Comment on Anybody else do this today?
partial_accumen@lemmy.world 2 days ago
This kind of thing used to stress me out. It took me awhile to finally find peace but it comes down to this:
We all know what Uncle Ben told us that ‘With great power comes great responsibility’, and while that’s true it also must follow that ‘With little (or no) power come little (or no) responsibility.’
The systems in place have taken nearly all power out of your hands to fix the situation yourself. If you had (even temporary) admin access available to you, you would have fixed the situation yourself in a few minutes and completed the task. However, the systems around you are designed to limit your abilities, and channel you through narrow support paths that they themselves are limited in what they can do.
You responsibilities are to properly identify the need for support and follow the path (no matter how inefficient), and notify your direct boss of the situation that is causing the delay for the deliverable. You did 100% of your job here. No, it shouldn’t be this hard to get this thing done, but it is, and its entirely out of your control. Because you have little to no power to fix the system, you have little to no responsibility for the problems it produces.
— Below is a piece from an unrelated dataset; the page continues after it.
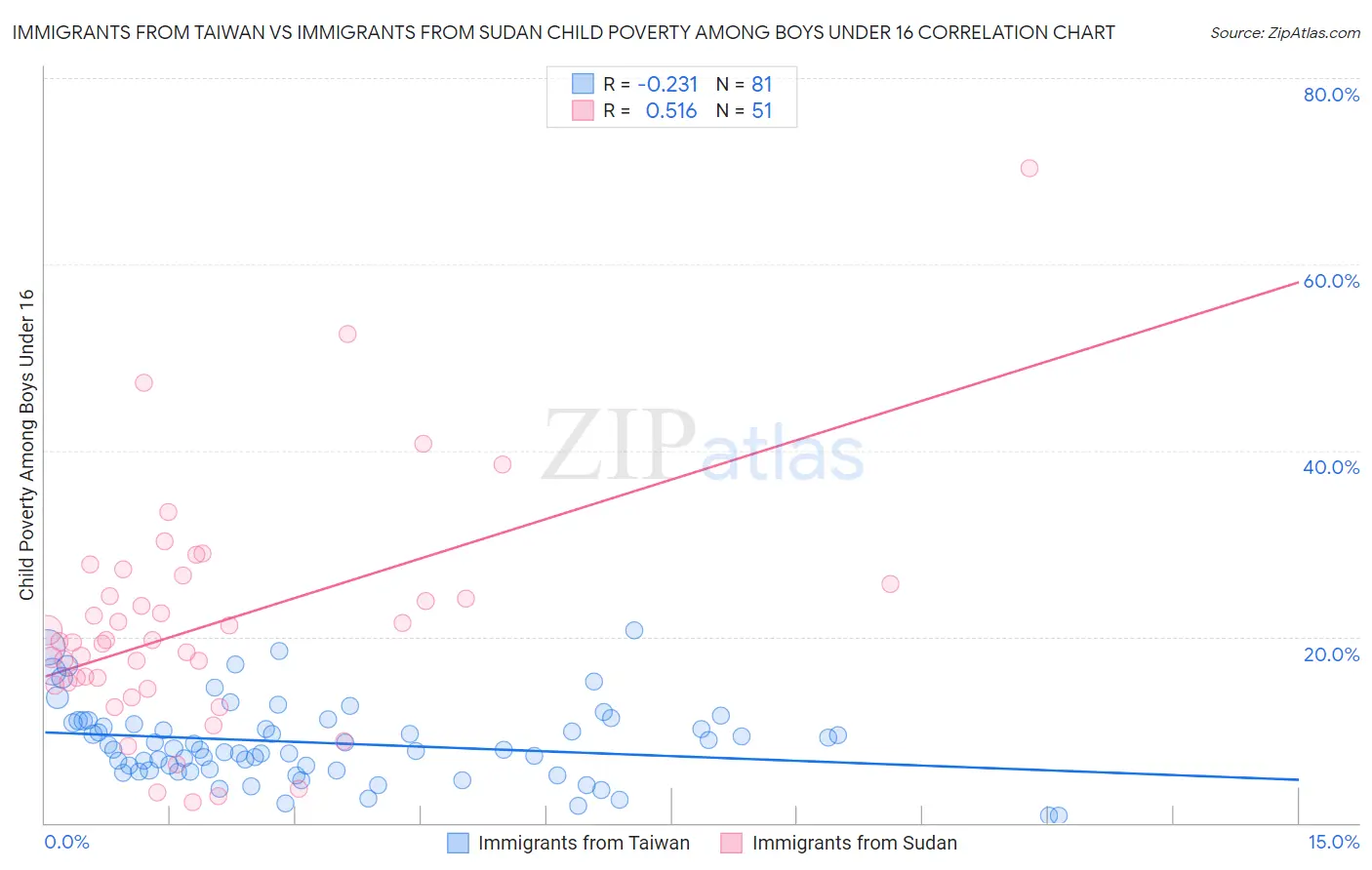 Immigrants from Taiwan vs Immigrants from Sudan Child Poverty Among Boys Under 16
Katana314@lemmy.world 2 days ago
I have never understood the plight of the UI engineer who happened to notice the deep-backend SQL bug happening, and being told “Can you dive in and fix this? Only you can fix this. We will elevate your database permissions if needed. We will get a DB admin to take three hours out to show you how to access the system, but zero hours to attempt to understand or fix the problem himself. Only you can rescue the princess, Link, for you are the chosen one.”